§ **Assignment**
Retype the listing below line for line, but only from the line with "respect for God." down to the line with "Multicolored beaded bracelet", inclusive. Pictures stay out.

§ **Material supplied**
==========
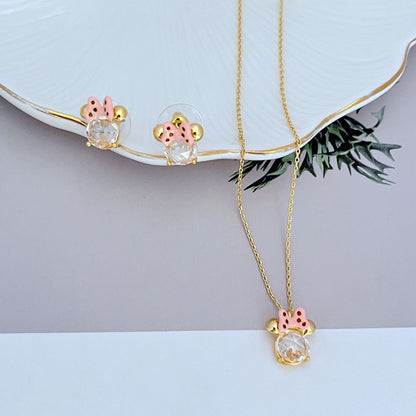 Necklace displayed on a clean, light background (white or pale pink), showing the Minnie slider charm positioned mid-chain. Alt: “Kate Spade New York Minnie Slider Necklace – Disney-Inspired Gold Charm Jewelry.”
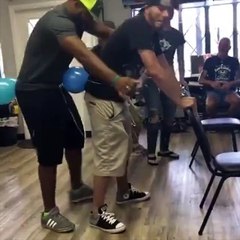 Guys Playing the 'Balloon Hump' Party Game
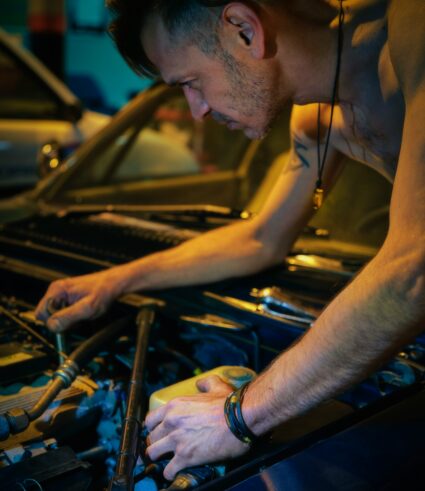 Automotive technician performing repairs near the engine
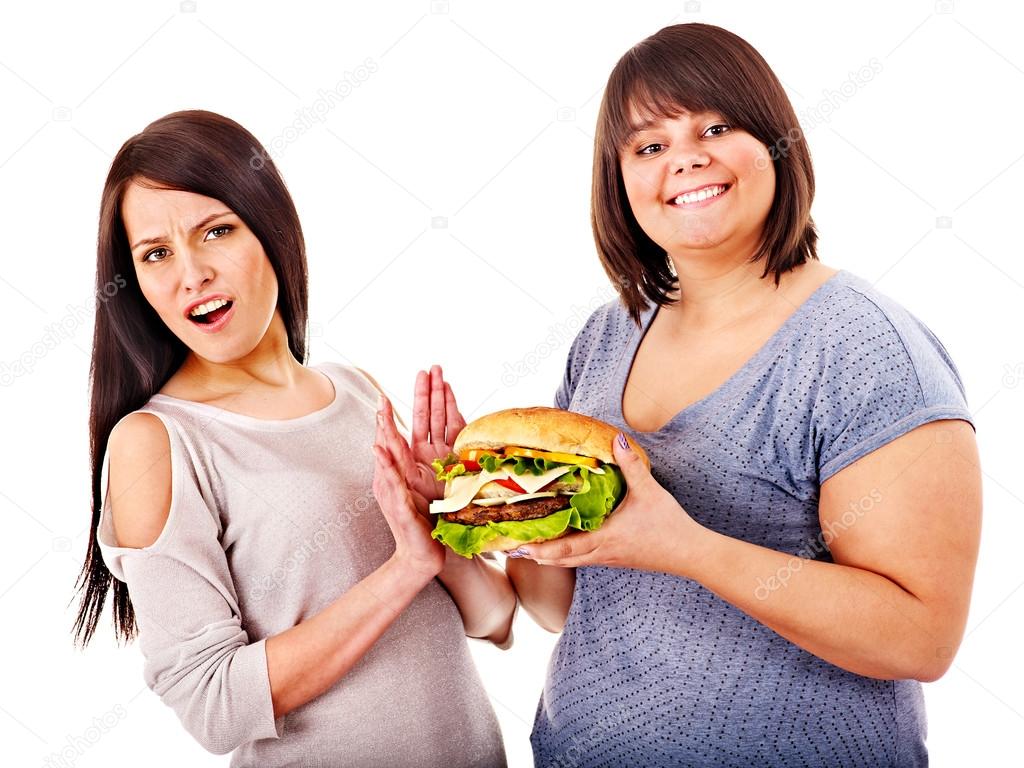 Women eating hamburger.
==========
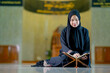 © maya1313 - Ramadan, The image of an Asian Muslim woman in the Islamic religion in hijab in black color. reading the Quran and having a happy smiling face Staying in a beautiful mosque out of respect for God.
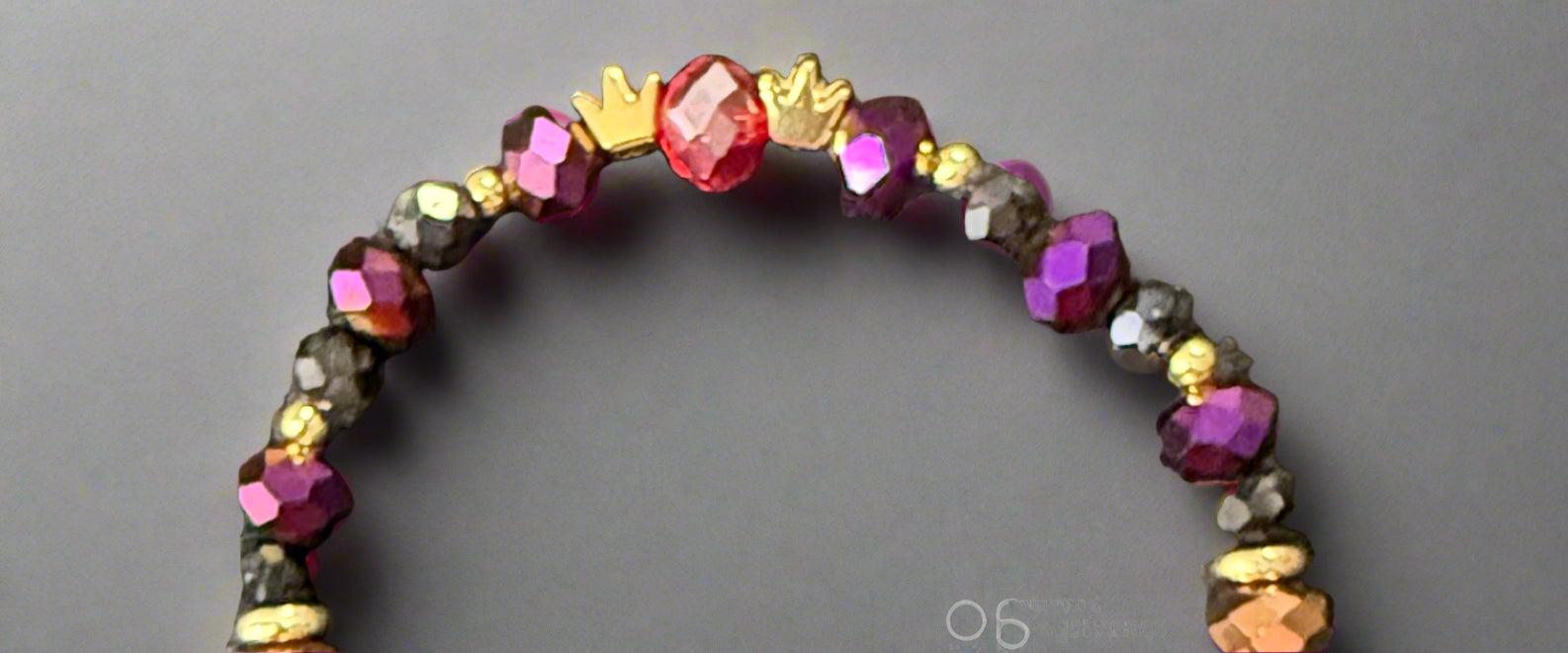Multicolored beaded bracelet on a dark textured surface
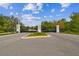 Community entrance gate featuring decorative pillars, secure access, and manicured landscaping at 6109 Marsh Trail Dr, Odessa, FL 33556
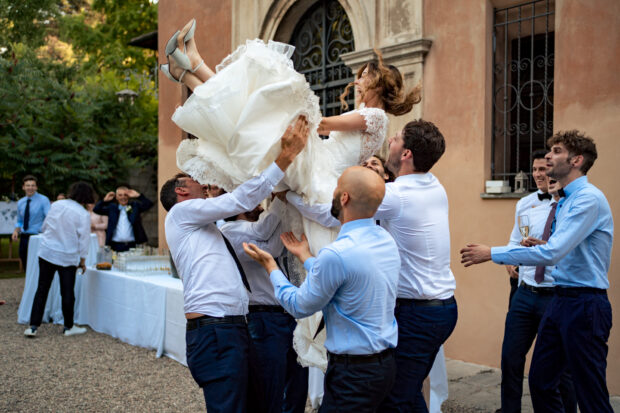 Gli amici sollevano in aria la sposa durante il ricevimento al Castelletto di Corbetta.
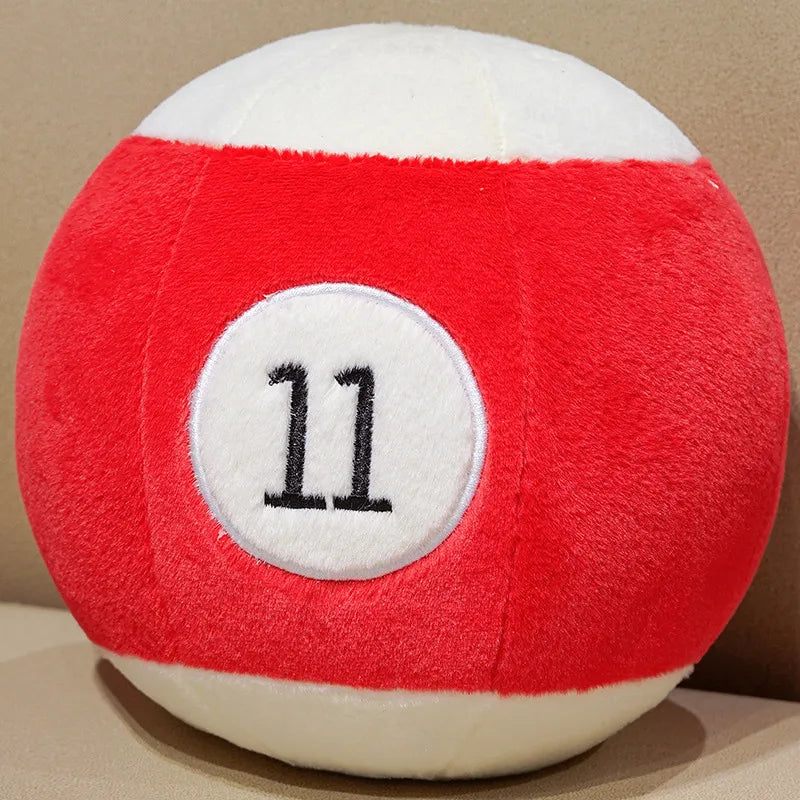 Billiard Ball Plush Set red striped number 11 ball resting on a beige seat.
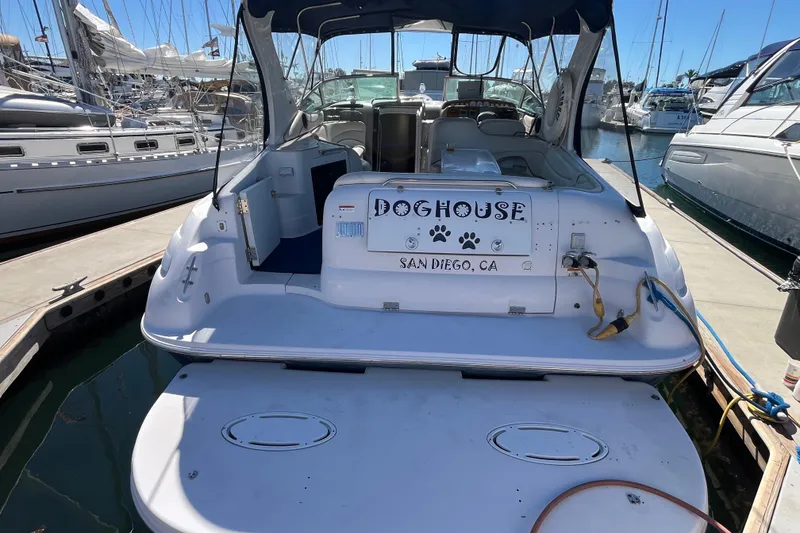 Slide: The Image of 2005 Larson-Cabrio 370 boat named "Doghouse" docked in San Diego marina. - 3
==========
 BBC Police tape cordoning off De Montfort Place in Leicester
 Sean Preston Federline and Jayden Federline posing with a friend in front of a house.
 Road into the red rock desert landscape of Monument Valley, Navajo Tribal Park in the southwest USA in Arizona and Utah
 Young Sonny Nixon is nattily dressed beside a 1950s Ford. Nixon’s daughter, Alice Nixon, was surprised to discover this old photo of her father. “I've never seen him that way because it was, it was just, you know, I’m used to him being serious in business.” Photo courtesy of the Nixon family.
==========
§ **Exercise solution**
 © maya1313 - Ramadan, The image of an Asian Muslim woman in the Islamic religion in hijab in black color. reading the Quran and having a happy smiling face Staying in a beautiful mosque out of respect for God.
Multicolored beaded bracelet on a dark textured surface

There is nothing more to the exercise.